I held the picture to my chest. It was her. I remembered every line of my mother’s face, the slight dimple in her chin, the way her black hair fell onto her forehead. She was always scrambling for a pin to hold it back. We had played dress up that day in my room, before the plague came. I could still hear the children outside, shouting and laughing, the sound of skateboards on the pavement. I wore my shoes with the pink bows. She took my other elephant barrette and put it in her hair, right above her ear. Look, my sweet girl, she said, kissing my hand, now we are twins.

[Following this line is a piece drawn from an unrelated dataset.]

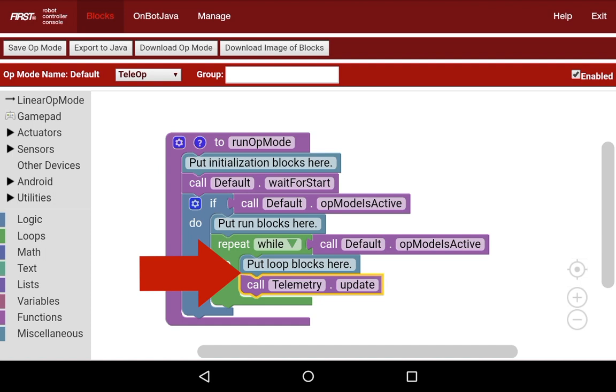This is where you're going to do things like get gamepad input and drive your motors, drive all of your servos. This is essentially where the bulk of the code of your program should be, as this is what's going to be running for the majority of your matches and the majority of the match time.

“I met her two years before you were born,” the King began. He led me to the table, pulling out a chair for me. I obliged, thankful when my body sunk into the cushion, my legs still shaking. “I was already the Governor then, and was doing a fund-raising event at the museum where she worked. She was a curator before it happened,” he said. “But I’m sure you know that.”

“I hardly know anything about her,” I managed, staring at her eyes in the photo.

He stood behind me, his hands resting on the back of the chair, looking over my shoulder. “She was giving me a private tour of the gardens, pointing out these plants that smelled like garlic and kept the deer away.” He sat down beside me, raking his fingers through his hair. “And there was something in the way she spoke that struck me, as if she were always laughing at some joke only she understood. I stayed two weeks there, and then we kept in touch after. I would come to see her whenever I wasn’t in Sacramento. But eventually the distance was too much for us. We lost touch.

“Two years later, the plague came. It was gradual at first. There were news reports of the disease in China, in parts of Europe. For a long time we thought it had been contained abroad. American doctors were coming up with a vaccine. Then it mutated. The virus was stronger; it killed faster. It reached the States and people began dying by the thousands. The vaccine was rushed onto the market, but it only slowed the disease’s progress, drew out the suffering for months. Your mother was trying to reach me but I had no idea. She sent emails and letters, called before the phones went out. It wasn’t until I was quarantined that I discovered the correspondence in my office. A whole stack of letters was piled on my desk, unopened.”

I remembered that time. The bleeds had gotten worse. She went through handkerchief after handkerchief, trying to keep her nose dry. She’d finally gone to sleep one afternoon, her bedroom dark as I wandered out. The house across the street was marked with a red X. The lawn beside it was dug up, the dirt turned over where they’d buried the first bodies. The quiet scared me. All the children were gone. A broken bicycle sat in the middle of the road. The neighbor’s cat was outside, lapping at the end of a hose, as I approached the door. I’d walked in, looking for the couple I’d seen coming and going so many times before, the man with the brown hat. I remembered the smell, thick and foul, and the dust that had accumulated in the corners. We need help, I’d said, as I took a few tentative steps into the living room. Then I saw his remains on the couch. His skin was gray, his face partially sunken in from decay.